Alors qu'il est resté mutique après plusieurs jours de désordre, blocages et tensions, et que la pression s'intensifiait pour qu'il donne sa vision d'une affaire le touchant au plus près, Emmanuel Macron a choisi un cadre et un moment inattendus - un pot de fin de session parlementaire à la Maison de l'Amérique latine de Paris - pour s'exprimer sur l'affaire Benalla. Les images, non officielles, ont été diffusées.
"Nous voulons des explications". La méthode a profondément dérangé Philippe Bas, sénateur LR de la Manche, et président de la commission des lois du Sénat. "Nous n'attendons pas des postures. Nous n'attendons pas des images volées à une fête. Nous n'attendons pas que le président de la République, dans le confort d'une réunion entre amis, revendique son autorité. Nous voulons des explications. C'est devant les Français qu'elles doivent avoir lieu", a-t-il martelé dans la Matinale d'Europe 1 mercredi.
"Le président est responsable devant le peuple français". Face aux députés LREM et membres du gouvernement, public ami, Emmanuel Macron a lancé, bravache : "S'ils veulent un responsable, il est devant vous, qu'ils viennent me chercher". Là encore, la formule a fortement déplu à Philippe Bas. "Je ne veux pas tenir de propos désobligeants… Mais il y a quelque chose de puéril dans cette posture. Ce n'est pas du tout à la hauteur de ce que nous attendons", a fustigé l'élu. Et de poursuivre : "Le président est responsable devant le peuple français, pas devant le Parlement. La posture qui laisserait entendre qu'on pourrait venir le chercher au fond de son bureau pour l'écouter n'a strictement rien à faire avec le sérieux avec lequel il faut traiter les difficultés".

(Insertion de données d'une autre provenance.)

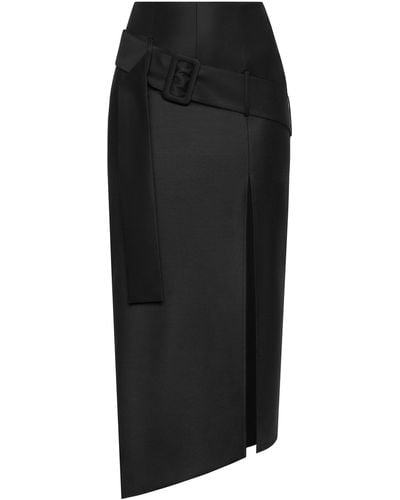 Matériel Belt-detailed Wool-blend Skirt - Black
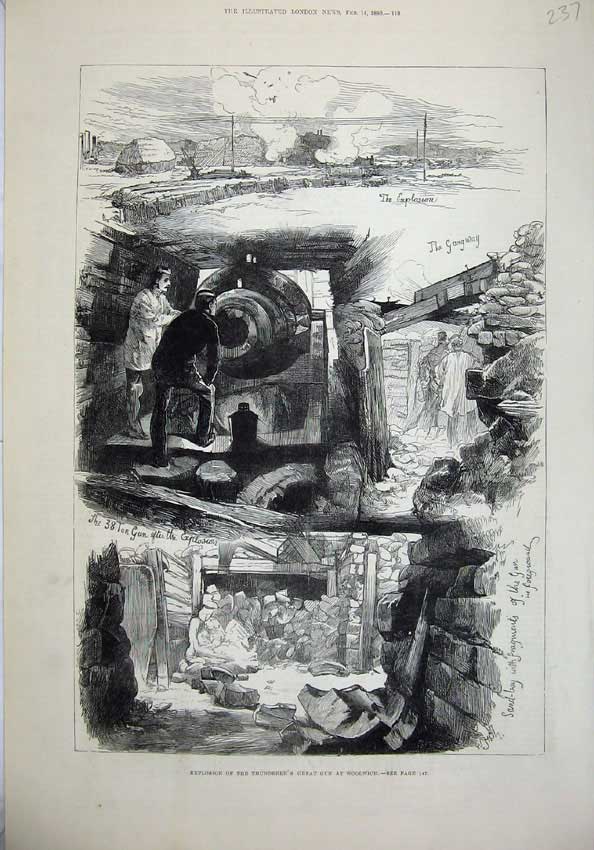Original Old Antique Print 1880 Explosion Thunderer Great Gun Woolwich Cannon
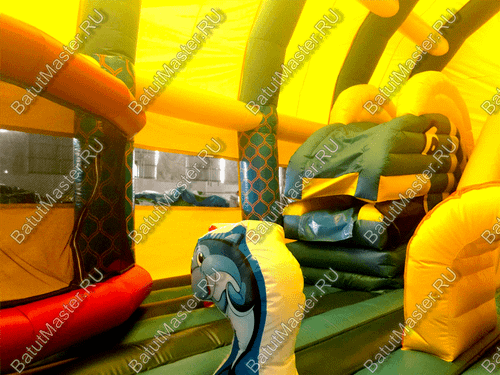 Надувной батут "Морской бриз с крышей"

"Un chef de l'État a des comptes à rendre". Philippe Bas, qui fut sous Jacques Chirac secrétaire général de l'Élysée, considère que la gestion de cette affaire par l'exécutif "relève de l'impensable". "Si c'est ça le nouveau régime, je préfère l'ancien, bien ancré dans la tradition républicaine et l'État de droit", a-t-il lancé. Pour le président de la commission des lois au Sénat, "un chef de l'État a des comptes à rendre, et quand une question grave lui est posée, il ne doit pas l'esquiver".
Un avertissement au président. Pour décrire le comportement du chef de l'État, Philippe Bas n'hésite pas à parler "d'hégémonisme présidentiel", et critique vertement sa fameuse "approche jupitérienne". "Oui, on est dans un régime où le président donne l'impulsion, mais il n'accapare pas tous les pouvoirs. (…) Il est constamment dans l'idée de minimiser les contre-pouvoirs. Le seul objectif pour lui, c'est que la loi soit votée plus vite, comme si elle sortait parfaite du conseil des ministres, et que les représentants de la nation n'avaient pas leur mot à dire. Il va falloir se poser pour rappeler ce que sont les institutions de la République dans un État de droit", a-t-il averti.

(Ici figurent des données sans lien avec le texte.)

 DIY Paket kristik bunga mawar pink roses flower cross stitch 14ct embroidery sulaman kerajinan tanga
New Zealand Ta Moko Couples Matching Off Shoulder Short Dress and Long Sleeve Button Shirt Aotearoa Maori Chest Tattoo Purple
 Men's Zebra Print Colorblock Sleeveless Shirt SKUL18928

Des "barbouzes" à l'Élysée ? La veille, Philippe Bas et ses collègues sénateurs ont auditionné à leur tour des acteurs clés de l'affaire Benalla. Parmi eux, les syndicats policiers ont dénoncé "la confusion des rôles, l'ambiguïté des fonctions" de l'ex-collaborateur du chef de l'État, et décrit les "relations exécrables" qu'il pouvait entretenir avec les forces de l'ordre. Sur Europe 1, l'élu Les Républicains de la Manche s'est dit "abasourdi" par ce qu'il avait entendu. Et tout particulièrement lorsque le secrétaire général d'Unité-SGP, Yves Lefebvre, a évoqué "les barbouzes" de l'Élysée. "Il semblerait manifestement qu'au sein du GSPR (groupe de sécurité de la présidence de la République, ndlr), nous avions un groupe de personnel hors police et hors gendarmerie. (…) Depuis jeudi dernier j'emploie le terme de 'barbouze' : ce sont des vigiles qui étaient employés par monsieur Benalla dans le cadre de la présidence de la République", a affirmé Yves Lefevre.
La sécurité du chef de l'État ne peut être improvisée. Une révélation qui a révolté Philippe Bas. "La sécurité du président de la République n'est pas une affaire privée. Elle doit être assurée par des fonctionnaires civils et militaires de l'État, qui sont sélectionnés, entraînés, formés, évalués, organisés, coordonnés, avec des méthodes professionnelles et pas improvisées", s'est-il exclamé sur notre antenne. Il assure qu'il s'attardera, au fil des futures auditions, à recueillir des éléments pouvant attester ce témoignage embarrassant.